Ni siquiera es un claro. A la vista están los tocones que dejaron las sierras. Los cuatro camiones ya están cargados y esperan la llegada de la noche para bajar al llano. Madera en rollo, con diámetro de 1.5 metros, que una cuadrilla de taladores ha terminado de acomodar en las estrechas plataformas de unos vehículos exactamente iguales a los que de cuando en cuando se retrata quemados en alguna de las comunidades que colindan con el bosque. Los he visto en San Juan Atzompa, en San Felipe Teotlacingo, en la Preciosita Sangre de Cristo, en el propio San Rafael a lo largo de los últimos veinte años.

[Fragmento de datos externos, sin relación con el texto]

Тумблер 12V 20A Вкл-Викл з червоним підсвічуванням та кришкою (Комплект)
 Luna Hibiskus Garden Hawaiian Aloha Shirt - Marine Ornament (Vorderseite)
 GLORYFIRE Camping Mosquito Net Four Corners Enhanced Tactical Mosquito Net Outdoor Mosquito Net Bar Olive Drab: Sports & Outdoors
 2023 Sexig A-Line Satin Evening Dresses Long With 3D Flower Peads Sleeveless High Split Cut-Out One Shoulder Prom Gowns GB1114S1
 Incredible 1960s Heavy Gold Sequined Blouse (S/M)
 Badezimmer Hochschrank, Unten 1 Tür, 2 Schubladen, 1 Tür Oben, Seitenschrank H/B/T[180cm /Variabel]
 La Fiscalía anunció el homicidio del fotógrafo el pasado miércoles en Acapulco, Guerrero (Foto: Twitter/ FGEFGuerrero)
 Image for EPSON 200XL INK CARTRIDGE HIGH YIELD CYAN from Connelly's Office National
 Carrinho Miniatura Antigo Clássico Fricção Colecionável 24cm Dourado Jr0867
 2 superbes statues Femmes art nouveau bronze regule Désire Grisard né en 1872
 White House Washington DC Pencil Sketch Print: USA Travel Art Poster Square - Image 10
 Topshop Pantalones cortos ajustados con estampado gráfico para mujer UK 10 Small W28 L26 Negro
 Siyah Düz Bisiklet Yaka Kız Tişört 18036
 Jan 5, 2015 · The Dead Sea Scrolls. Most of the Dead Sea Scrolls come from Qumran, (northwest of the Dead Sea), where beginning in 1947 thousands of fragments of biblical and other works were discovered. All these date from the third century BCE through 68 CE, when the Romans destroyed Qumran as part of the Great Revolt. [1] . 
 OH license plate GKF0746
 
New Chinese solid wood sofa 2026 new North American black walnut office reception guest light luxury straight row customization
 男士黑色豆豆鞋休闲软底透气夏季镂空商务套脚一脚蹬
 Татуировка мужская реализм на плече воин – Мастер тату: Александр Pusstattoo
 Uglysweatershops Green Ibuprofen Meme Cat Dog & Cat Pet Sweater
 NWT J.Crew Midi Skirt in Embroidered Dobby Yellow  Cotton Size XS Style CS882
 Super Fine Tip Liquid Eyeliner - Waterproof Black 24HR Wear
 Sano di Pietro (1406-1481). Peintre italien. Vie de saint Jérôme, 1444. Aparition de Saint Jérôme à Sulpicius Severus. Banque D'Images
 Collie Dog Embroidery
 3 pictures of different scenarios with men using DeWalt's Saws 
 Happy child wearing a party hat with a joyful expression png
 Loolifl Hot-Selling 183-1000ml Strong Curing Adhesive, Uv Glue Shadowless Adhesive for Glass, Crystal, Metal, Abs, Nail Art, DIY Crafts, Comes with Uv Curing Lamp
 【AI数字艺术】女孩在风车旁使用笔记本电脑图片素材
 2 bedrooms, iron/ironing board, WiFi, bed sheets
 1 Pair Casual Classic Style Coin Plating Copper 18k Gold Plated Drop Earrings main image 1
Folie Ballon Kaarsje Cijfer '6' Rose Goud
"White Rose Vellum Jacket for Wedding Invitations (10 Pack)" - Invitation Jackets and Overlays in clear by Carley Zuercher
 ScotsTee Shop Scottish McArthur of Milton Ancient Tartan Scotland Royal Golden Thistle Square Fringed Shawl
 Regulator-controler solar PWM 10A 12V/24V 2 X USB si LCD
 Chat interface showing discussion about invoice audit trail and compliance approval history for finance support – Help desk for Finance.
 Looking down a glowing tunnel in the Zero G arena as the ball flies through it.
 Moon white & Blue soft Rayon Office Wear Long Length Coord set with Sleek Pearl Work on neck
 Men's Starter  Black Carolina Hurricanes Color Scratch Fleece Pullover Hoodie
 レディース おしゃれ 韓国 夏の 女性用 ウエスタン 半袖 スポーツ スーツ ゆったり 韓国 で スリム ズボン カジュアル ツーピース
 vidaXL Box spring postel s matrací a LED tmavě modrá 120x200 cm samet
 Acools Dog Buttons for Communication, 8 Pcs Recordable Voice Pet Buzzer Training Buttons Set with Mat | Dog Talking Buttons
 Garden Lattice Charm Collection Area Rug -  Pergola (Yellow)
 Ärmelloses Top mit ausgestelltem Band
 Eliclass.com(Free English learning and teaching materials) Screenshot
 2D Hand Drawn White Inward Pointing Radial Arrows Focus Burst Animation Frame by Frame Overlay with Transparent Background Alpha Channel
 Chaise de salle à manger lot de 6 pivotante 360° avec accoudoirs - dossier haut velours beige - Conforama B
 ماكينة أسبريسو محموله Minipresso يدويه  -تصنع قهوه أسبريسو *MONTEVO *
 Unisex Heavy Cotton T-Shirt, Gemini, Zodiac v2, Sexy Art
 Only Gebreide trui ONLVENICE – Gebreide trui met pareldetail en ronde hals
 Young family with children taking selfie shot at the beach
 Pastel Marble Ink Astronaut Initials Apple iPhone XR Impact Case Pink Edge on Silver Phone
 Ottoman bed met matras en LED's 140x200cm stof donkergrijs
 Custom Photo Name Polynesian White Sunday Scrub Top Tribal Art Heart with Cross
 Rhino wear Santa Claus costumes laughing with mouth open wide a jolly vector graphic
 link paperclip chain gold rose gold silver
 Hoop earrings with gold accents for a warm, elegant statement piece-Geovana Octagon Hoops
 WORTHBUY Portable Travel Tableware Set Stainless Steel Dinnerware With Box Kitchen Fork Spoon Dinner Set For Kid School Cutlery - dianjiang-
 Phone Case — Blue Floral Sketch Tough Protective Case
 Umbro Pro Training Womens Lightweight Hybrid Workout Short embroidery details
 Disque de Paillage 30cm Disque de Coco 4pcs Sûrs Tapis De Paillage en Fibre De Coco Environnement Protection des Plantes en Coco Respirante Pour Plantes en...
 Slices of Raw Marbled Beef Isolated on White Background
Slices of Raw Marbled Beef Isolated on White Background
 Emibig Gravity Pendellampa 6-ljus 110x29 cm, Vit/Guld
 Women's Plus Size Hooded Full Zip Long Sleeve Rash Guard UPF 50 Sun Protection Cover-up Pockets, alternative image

Foto cortesía Mundo Nuestro

Mi amigo no tiene tiempo de tomar fotografías. Su jeep ha sido inmediatamente rodeado por hombres machete en mano. Alcanza a ver un rifle, pero el apremio es inmediato: qué chingáos quiere, qué hace en nuestros terrenos, órale, siga su camino, aquí no se le ha perdido nada, ándele cabrón, jálele pa’rriba, siga la brecha, como lo oye, no se regresa por dónde vino, a ver cómo sale, no nos importa que usté venga de Puebla, lárguese, que no lo volvamos a ver aquí. Sí, el jeep sigue la brecha hasta encontrar el corte en la frontera con el estado de México, pero es un 4 X 4 y logra saltar el zanjón para iniciar el descenso. Saca entonces el celular, y toma un registro de un monte que pide auxilio.